For CFD applications it is unclear how detailed the clinical data needs to be in terms of geometry (segmented from medical images) and parameterisation (variability described by the model and the tuning of patient-specific boundary conditions. Model accuracy is determined by model design and quality of input data. Model parameterisation is more challenging, because it requires detailed knowledge of physiological metrics in the proximal and distal circulations which may be inaccessible and variable in health and in disease [30].

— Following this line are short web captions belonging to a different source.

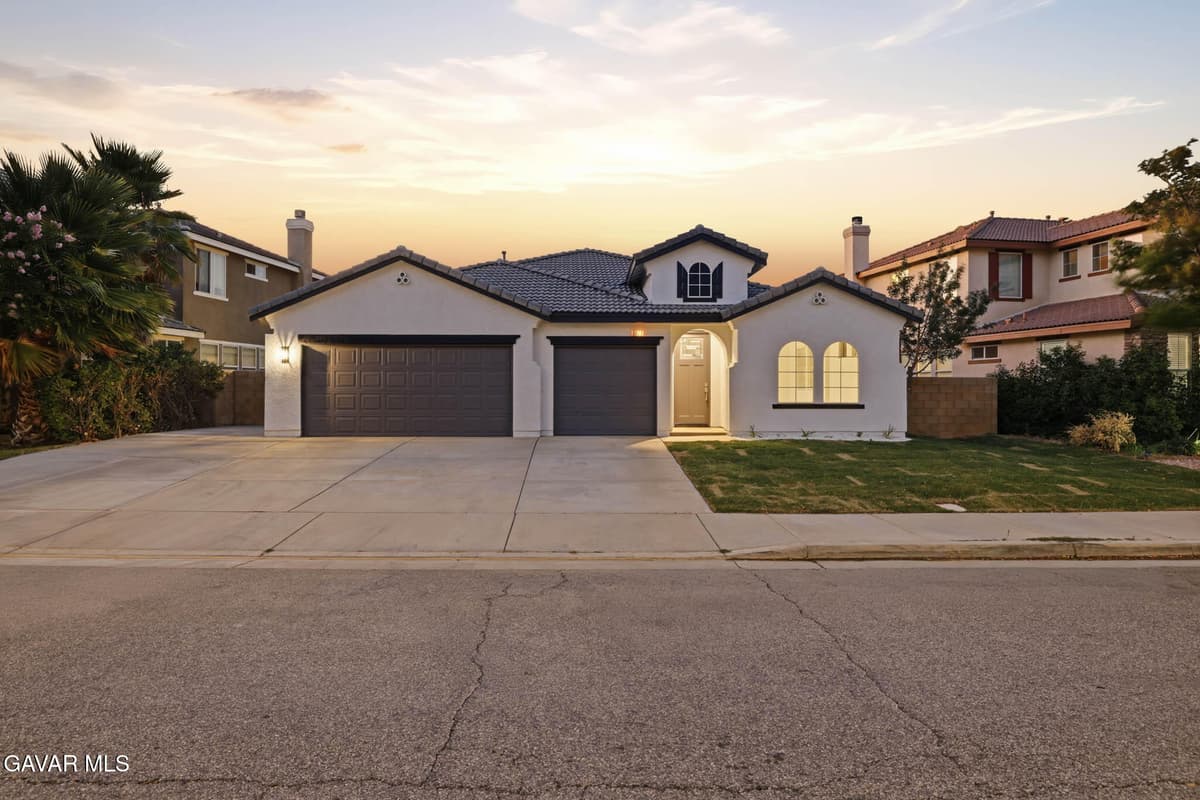 3727 Club Rancho Drive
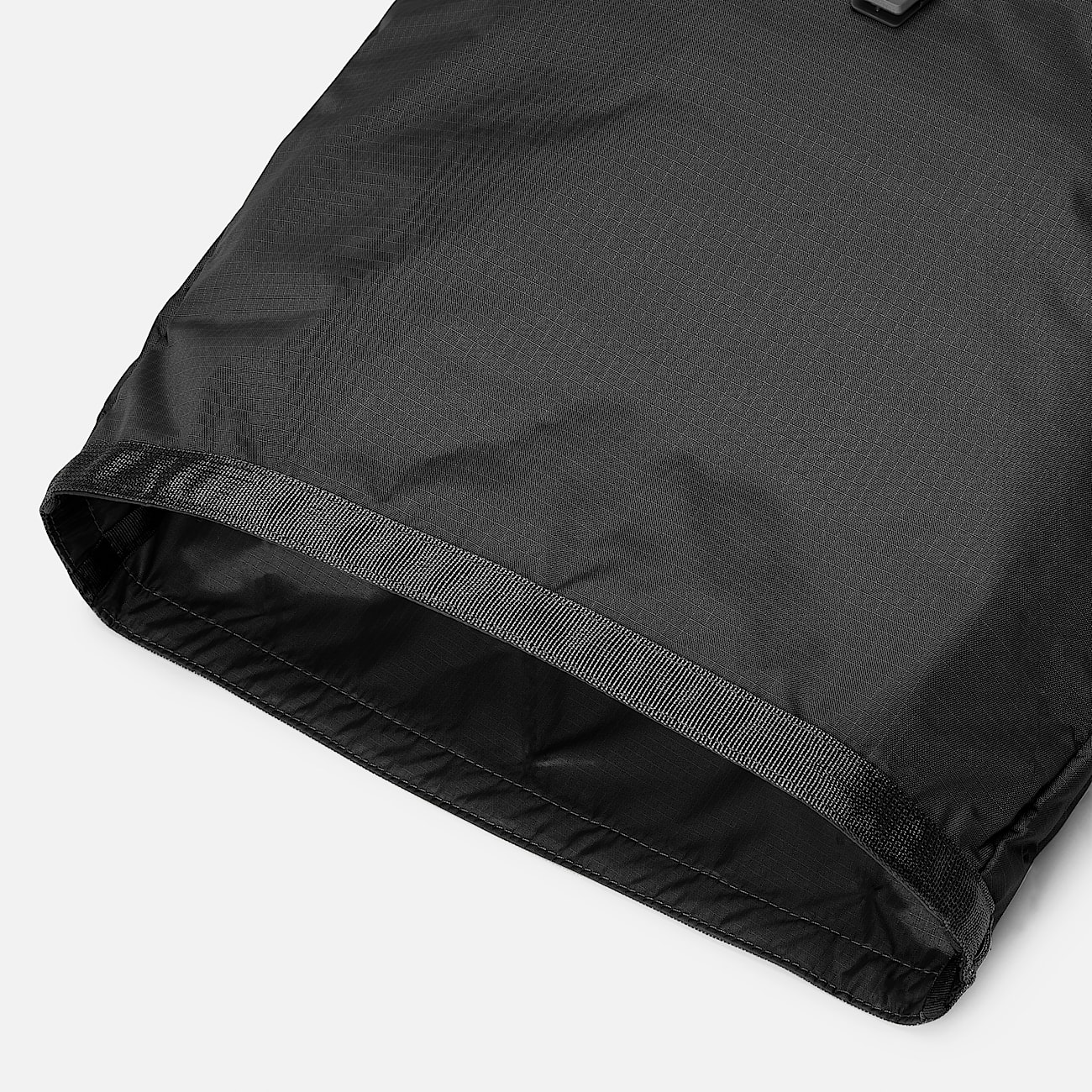 Performance 28Liter Hiking Backpack TBL Black ALT1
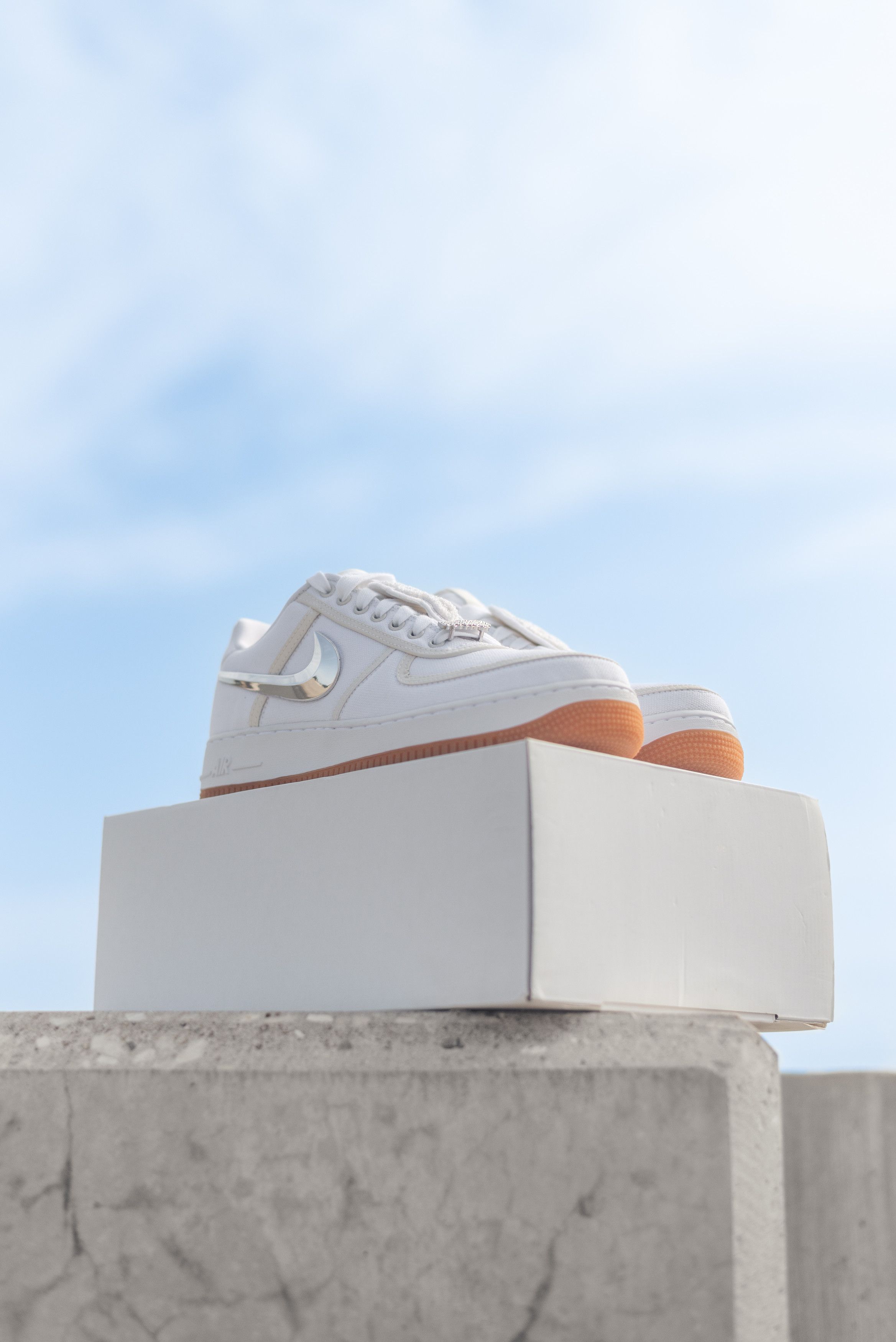 Nike × Travis Scott Nike Travis Scott Air Force 1 (AF100) Size US 9.5 / EU 42-43 - 2 Thumbnail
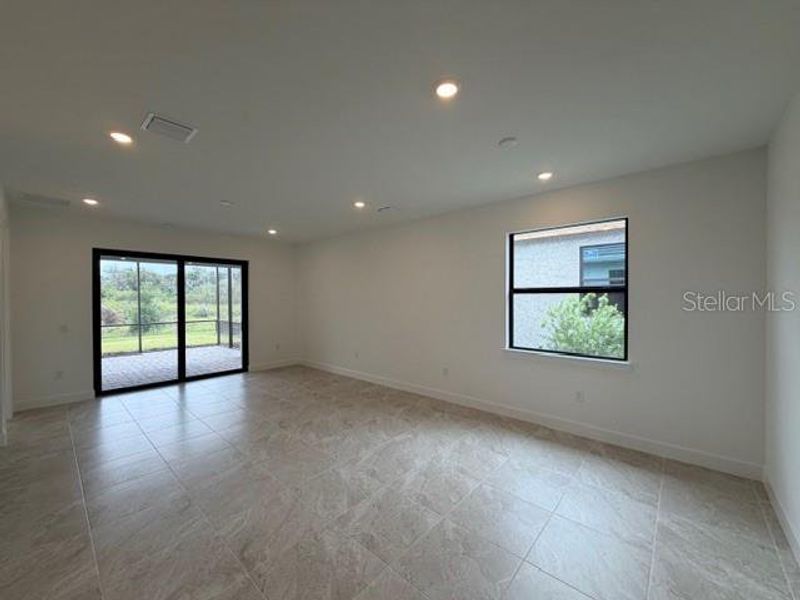 Spacious, unfurnished interior of a new home in Del Webb Catalina, Lakewood Ranch (Image 11). Spacious, unfurnished interior of a new home in Del Webb Catalina, Lakewood Ranch (Image 11).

In conclusion, the present is a hypothetical research in which we tried to elucidate the concept that anatomical structures; ESP and PP towards the etiopathogenesis of CGH with the help of real-life simulation. Our analysis by CFD proves both ESP and PP as contributing factors in the occurrence of CGH symptoms; preventive and therapeutic strategies should be initiated timely for CGH patient to improve their quality of life. CFD has been sparsely used by medical professionals; therefore, further researches should be encouraged in this domain to validate the presented hypothesis.
No potential conflict of interest relevant to this article was reported.